(Brief descriptive captions)
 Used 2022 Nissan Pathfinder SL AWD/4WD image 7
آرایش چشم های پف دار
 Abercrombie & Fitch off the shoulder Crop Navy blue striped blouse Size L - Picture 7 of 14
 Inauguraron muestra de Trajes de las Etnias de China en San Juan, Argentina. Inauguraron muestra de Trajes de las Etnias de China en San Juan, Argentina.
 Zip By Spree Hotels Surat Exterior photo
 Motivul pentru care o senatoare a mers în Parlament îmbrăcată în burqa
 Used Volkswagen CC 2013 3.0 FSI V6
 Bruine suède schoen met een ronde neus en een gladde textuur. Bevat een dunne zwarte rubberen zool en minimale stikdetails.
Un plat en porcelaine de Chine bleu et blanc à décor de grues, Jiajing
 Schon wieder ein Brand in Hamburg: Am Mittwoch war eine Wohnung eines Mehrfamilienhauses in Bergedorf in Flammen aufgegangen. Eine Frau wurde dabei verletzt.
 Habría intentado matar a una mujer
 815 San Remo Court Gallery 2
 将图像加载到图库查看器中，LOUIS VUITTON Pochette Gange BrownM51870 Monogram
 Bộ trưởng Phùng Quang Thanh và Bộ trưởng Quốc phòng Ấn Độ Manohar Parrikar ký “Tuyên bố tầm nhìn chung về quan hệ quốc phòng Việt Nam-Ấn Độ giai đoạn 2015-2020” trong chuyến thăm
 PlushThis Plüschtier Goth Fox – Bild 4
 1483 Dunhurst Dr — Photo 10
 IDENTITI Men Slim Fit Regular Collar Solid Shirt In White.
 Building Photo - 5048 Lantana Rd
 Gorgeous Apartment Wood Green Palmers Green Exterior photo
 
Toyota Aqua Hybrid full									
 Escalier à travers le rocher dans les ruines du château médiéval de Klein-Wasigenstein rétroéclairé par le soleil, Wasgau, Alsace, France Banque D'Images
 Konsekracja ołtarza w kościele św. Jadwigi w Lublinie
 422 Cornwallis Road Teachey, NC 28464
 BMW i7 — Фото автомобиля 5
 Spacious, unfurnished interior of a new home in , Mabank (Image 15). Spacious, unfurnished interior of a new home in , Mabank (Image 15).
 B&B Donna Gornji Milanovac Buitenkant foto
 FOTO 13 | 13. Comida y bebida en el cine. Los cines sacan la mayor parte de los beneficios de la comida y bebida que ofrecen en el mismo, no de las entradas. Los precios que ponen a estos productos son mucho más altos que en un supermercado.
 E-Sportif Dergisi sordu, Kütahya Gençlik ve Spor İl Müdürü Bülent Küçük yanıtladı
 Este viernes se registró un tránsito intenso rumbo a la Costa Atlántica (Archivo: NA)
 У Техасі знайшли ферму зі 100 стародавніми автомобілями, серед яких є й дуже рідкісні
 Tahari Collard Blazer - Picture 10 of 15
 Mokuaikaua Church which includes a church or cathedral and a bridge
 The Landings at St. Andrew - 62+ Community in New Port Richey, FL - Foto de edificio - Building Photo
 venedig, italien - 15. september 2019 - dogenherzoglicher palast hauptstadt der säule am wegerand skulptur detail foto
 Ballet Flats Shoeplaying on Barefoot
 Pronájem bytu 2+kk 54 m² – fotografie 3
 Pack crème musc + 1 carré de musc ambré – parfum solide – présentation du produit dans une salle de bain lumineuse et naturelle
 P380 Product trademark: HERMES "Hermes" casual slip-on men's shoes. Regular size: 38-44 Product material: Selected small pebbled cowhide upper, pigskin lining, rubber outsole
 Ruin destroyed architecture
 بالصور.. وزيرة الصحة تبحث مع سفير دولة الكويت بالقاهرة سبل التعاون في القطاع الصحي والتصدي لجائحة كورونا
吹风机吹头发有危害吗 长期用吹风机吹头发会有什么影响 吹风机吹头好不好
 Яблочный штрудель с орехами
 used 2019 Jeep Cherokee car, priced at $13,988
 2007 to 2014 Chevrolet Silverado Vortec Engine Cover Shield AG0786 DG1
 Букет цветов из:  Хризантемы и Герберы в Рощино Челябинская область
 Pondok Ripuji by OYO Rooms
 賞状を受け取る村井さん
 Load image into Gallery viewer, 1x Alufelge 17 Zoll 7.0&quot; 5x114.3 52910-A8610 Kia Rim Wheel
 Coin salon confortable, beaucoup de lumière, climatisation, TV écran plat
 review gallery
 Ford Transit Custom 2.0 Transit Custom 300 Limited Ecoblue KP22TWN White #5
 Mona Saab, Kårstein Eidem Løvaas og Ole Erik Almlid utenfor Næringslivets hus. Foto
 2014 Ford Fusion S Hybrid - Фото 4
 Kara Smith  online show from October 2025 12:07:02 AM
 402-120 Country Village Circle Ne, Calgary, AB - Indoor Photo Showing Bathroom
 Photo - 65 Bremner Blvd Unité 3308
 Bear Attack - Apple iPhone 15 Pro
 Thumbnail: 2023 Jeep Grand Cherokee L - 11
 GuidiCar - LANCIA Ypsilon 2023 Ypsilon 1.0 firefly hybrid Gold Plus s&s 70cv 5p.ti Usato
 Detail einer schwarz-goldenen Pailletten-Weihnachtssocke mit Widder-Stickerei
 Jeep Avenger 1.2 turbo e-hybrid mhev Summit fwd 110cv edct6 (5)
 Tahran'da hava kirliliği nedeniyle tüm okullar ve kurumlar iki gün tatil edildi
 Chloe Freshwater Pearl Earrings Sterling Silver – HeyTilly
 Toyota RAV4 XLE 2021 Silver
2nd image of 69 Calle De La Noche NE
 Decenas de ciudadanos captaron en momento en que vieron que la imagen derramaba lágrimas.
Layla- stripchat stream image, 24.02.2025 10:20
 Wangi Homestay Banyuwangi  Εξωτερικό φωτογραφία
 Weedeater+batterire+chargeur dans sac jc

(TASK OBJECTIVE): When copying the data above, please keep exactly the lines from its first line through the line with "Un plat en porcelaine", both ends included, and drop the rest.

(WRITTEN RESPONSE):
 Used 2022 Nissan Pathfinder SL AWD/4WD image 7
آرایش چشم های پف دار
 Abercrombie & Fitch off the shoulder Crop Navy blue striped blouse Size L - Picture 7 of 14
 Inauguraron muestra de Trajes de las Etnias de China en San Juan, Argentina. Inauguraron muestra de Trajes de las Etnias de China en San Juan, Argentina.
 Zip By Spree Hotels Surat Exterior photo
 Motivul pentru care o senatoare a mers în Parlament îmbrăcată în burqa
 Used Volkswagen CC 2013 3.0 FSI V6
 Bruine suède schoen met een ronde neus en een gladde textuur. Bevat een dunne zwarte rubberen zool en minimale stikdetails.
Un plat en porcelaine de Chine bleu et blanc à décor de grues, Jiajing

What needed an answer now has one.